Can you please help her out and continue to vote once a day- the Havabrat appreciates it!! (and so do I)

http://www.cutestdogcompetition.com/vote.cfm?h=6FA4212C769669B7899FFC0F94BBDE63


----------



## Scooter's Family (May 23, 2008)

Yeah!!!


----------



## gelbergirl (Jun 9, 2007)

Heidi is just a cutie !


----------



## ama0722 (Nov 28, 2006)

Katie- Congrats! Can you make sure to bump the thread up each day so I don't forget  I bet others will do the same if you bump it!


----------



## Kathy (Nov 9, 2006)

I voted!!! Will you share the 1 million if you win??? LOL


----------



## MopTop Havanese (Sep 25, 2006)

Of course I will share.....Carter asked for a Wii and Brooklyn asked for an ipod touch....I am sure there will be plenty to share after that! Ha!!


----------



## BeverlyA (Oct 29, 2006)

She IS the cutest!
Please do remember to keep bumping this up for us!

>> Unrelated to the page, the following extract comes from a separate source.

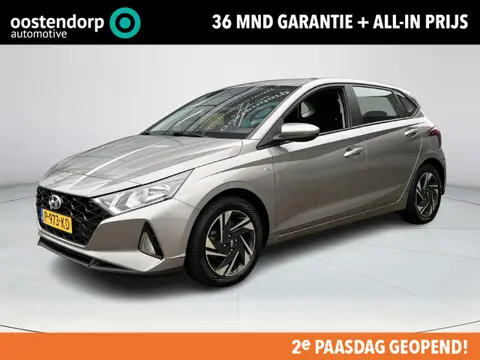 Hyundai i20 1.0 T-GDI Comfort | Rijklaarprijs | Apple Carplay - Android Auto | Airco | Achteruitrijc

Maybe there will be a bit of the million left by next years Nationals and you can buy us a round of something!:tea:


----------



## Julie (Feb 8, 2007)

That is fantastic news Katie! Heidi is so cute in that picture too! I hope she wins!:thumb:
There can't be a cuter breed that's for sure!


----------



## Cheryl (Mar 17, 2007)

*I voted!*

And will vote again tomorrow!


----------



## Lynn (Jan 2, 2007)

I voted...she is just to cute! hopes she wins...I will try to remember to vote every day


----------



## Leeann (Feb 28, 2007)

I missed round one, sorry Katie. You can count on us for round 2 GO HEIDI!


----------



## Pixiesmom (Jul 31, 2008)

We voted!
She must win!!


----------



## Mraymo (Oct 30, 2007)

I voted today. Cute picture.


----------



## mellowbo (Aug 12, 2007)

Wahoo!!
Carole


----------



## iluvhavs (Jul 21, 2008)

I voted! There are 1047 pages of dogs there. One actually has 314 votes! (and it's not a winning photo IMHO)


----------



## marb42 (Oct 19, 2008)

I voted. She's so cute - hope she wins!
Gina


----------



## juliav (Nov 21, 2006)

Count us as another vote. 
If you win a million, no need to share, I will take a payment in a form of a puppy. :biggrin1:


----------



## Scooter's Family (May 23, 2008)

Voted again!


----------